Home Secretary Sajid Javid has come under fire this week for failing to offer a formal apology to survivors of child abuse who went to Home Office run schools.
According to website The London Economic, David Enright, a solicitor representing 22 survivors of abuse has written to the Home Secretary on several occasions asking for an apology for the abuse experienced by children at residential schools. The schools were set up to take in children who had committed minor misdemeanours, truancy, those who had found themselves in the care system, or children who were from poor backgrounds. Enright also asked the Home Office to attend hearings being held by the Independent Inquiry Into Child Sexual Abuse.
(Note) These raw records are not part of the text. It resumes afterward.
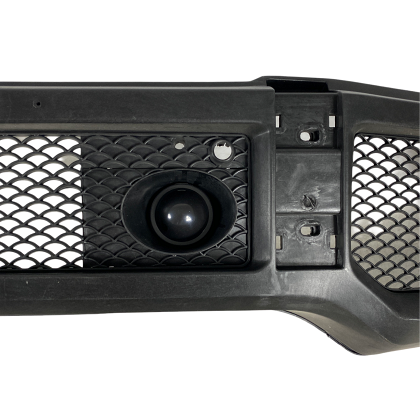 Bară de protecție față pentru Mercedes G-Class W463 1989-2010 - AMG G65 look cu distronic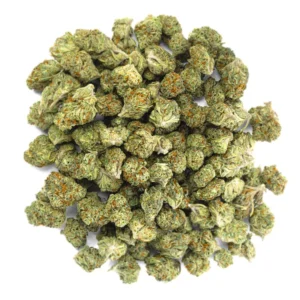 Green Crack Strain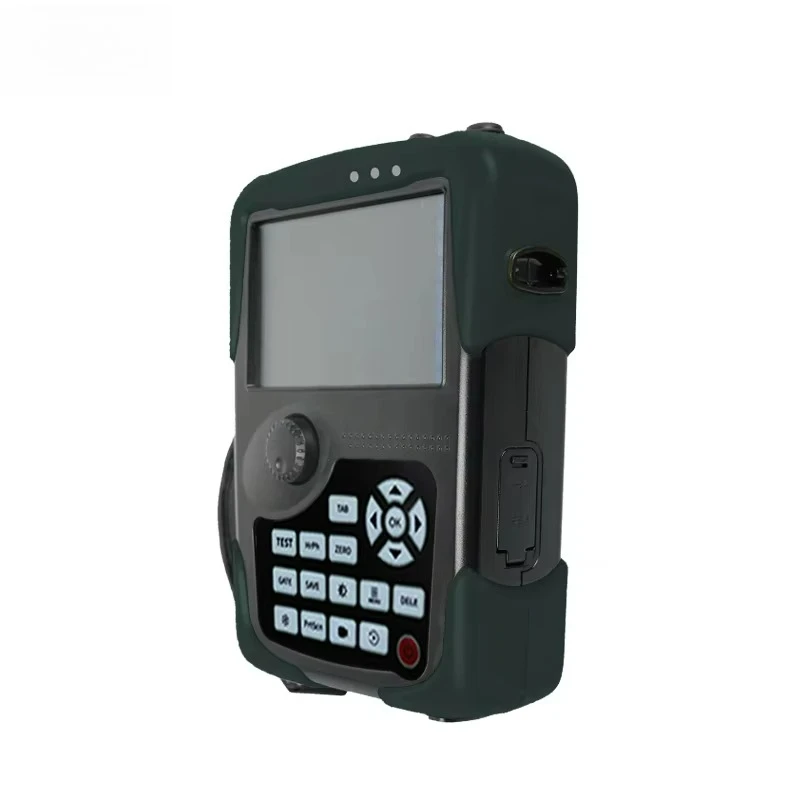 Vertex series high-precision portable eddy current flaw detector workpiece internal fine defect detection test from 0-4mm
No apology has been issued and the Home Office has confirmed that it won’t be attending sections of the inquiry’s work, telling Enright that as a representative of the Ministry of Justice was present, a Home Office representative was not necessary. The Home Office then sent a lawyer to the inquiry to read out a statement written by Sir Philip Rutnam, permanent secretary at the Home Office. Rutnam’s letter acknowledged that vulnerable people had been let down and that the government department was taking the IICSA’s investigations seriously.
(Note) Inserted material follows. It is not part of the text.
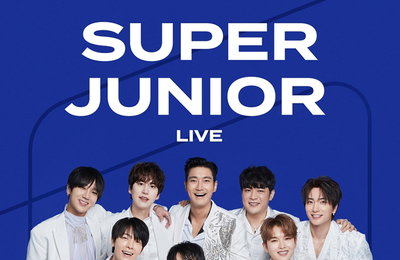 은혁, 슈퍼주니어 온라인 콘서트 "비욘드 라이브" 직접 연출 '눈길'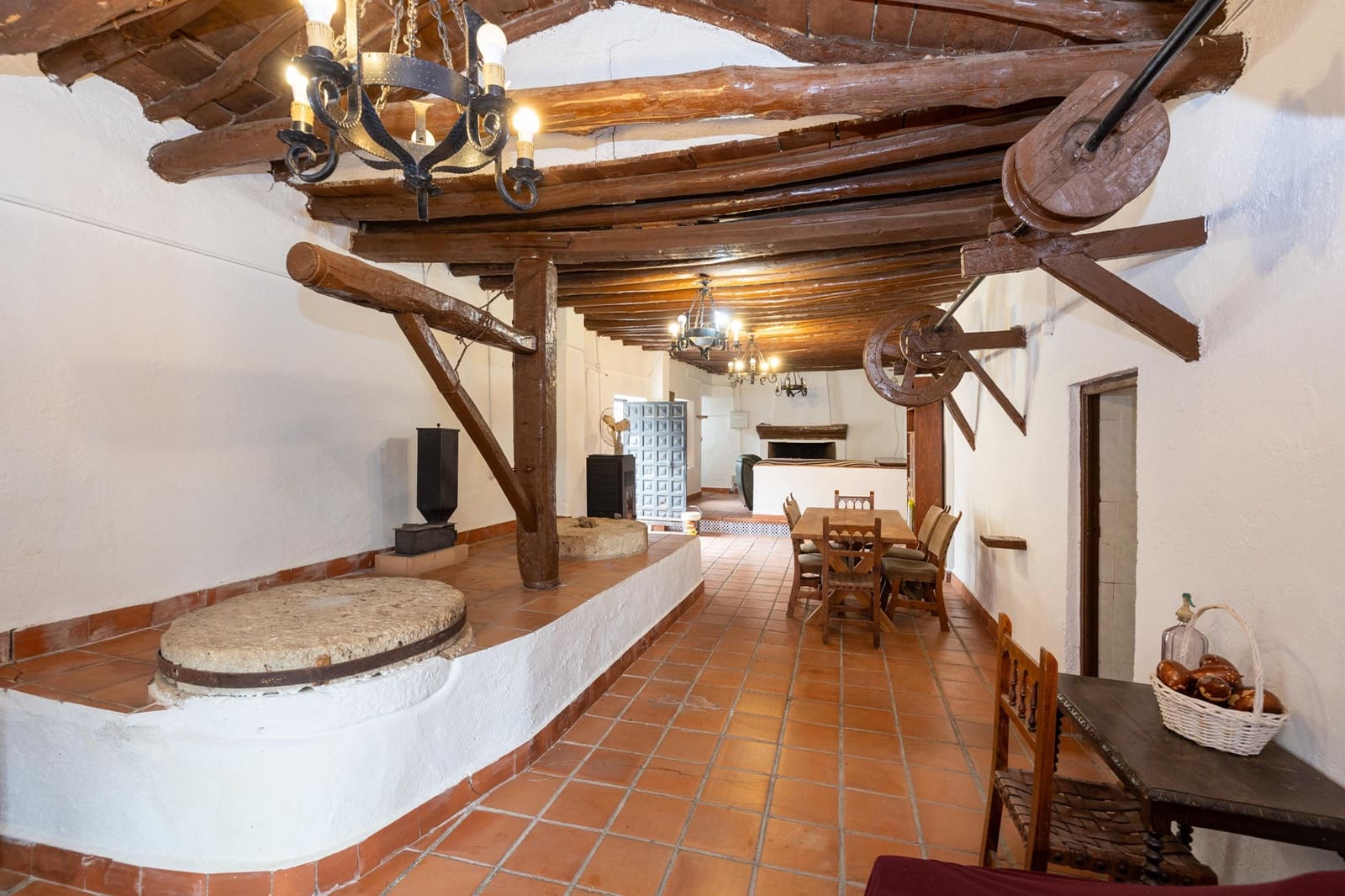 4 soveværelse Finca/Landehus til salg i Dilar - € 210.000 (Ref: 9427464)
Survivors were not impressed by the effort, calling the letter and the sentiments contained within it, hollow and too little too late.
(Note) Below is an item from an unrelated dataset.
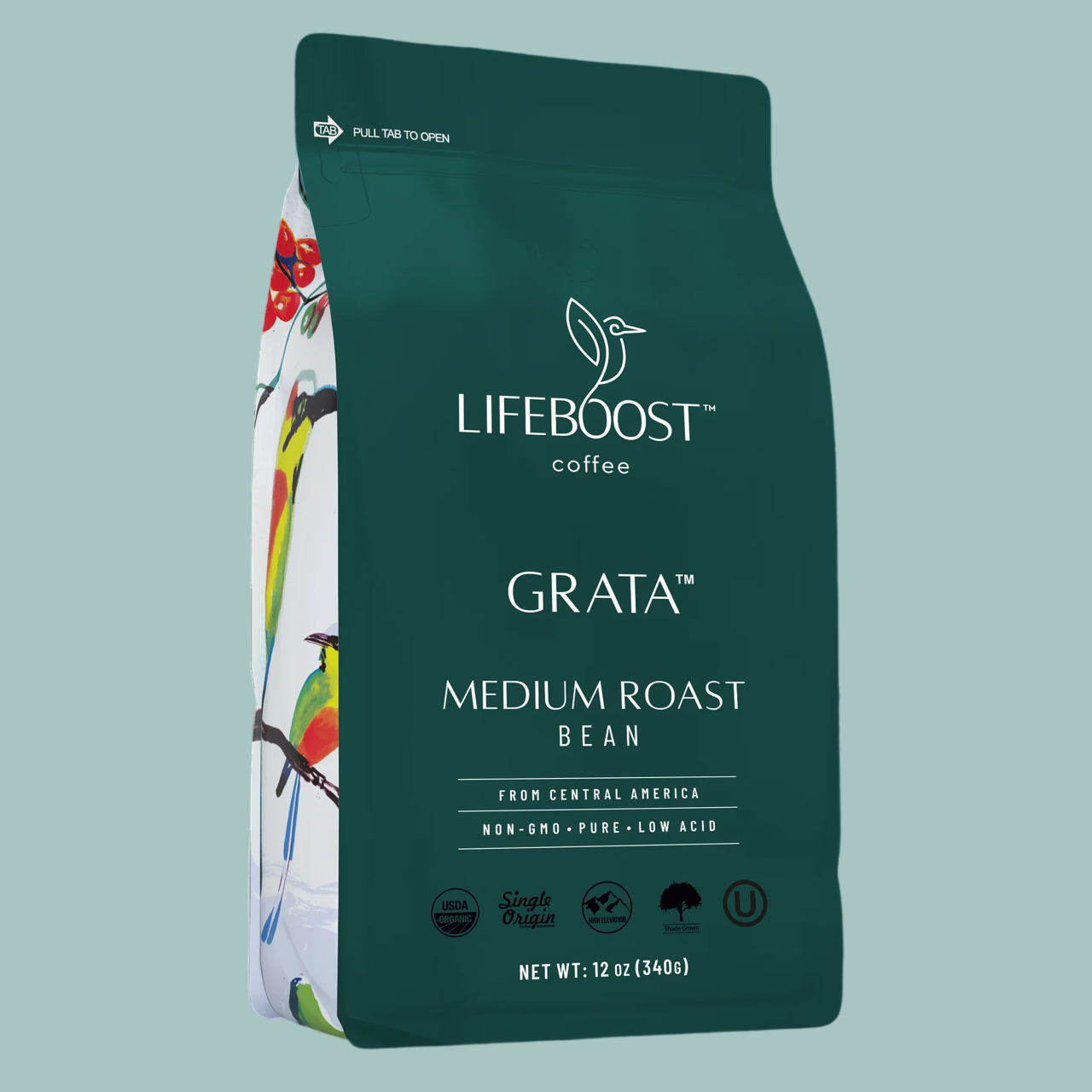Grata Medium Roast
David Enright and survivors of child abuse at several residential schools say the Home Office is to blame for the culture of abuse and the ongoing physical and emotional harm that took place in these schools, including forced labour and sexual assaults. Testimony from one teacher who taught at a residential school offered damning evidence which appeared to implicate the Home Office:
Now, this was not an aberration. It was a nationwide Home Office policy…The Home Office published reports about corporal punishment in approved schools … they analysed with charts and graphs how useful lashing was to stop boys from running away…Nobody asked why the boys were running away … This was state-approved and sanctioned child abuse and it was universally known of.
Further testimonies from survivors describe how paeophiles were able to use a state-sanctioned fear of violence to get away with sexually abusing children at Stanhope Castle in Co Durham, Forde Park in Devon, St Aidan’s in Cheshire and St Vincent’s in Merseyside.
Enright wants the Home Office to admit responsibility for the abuse and to apologise to survivors and victims who endured physical and emotional violence in the schools.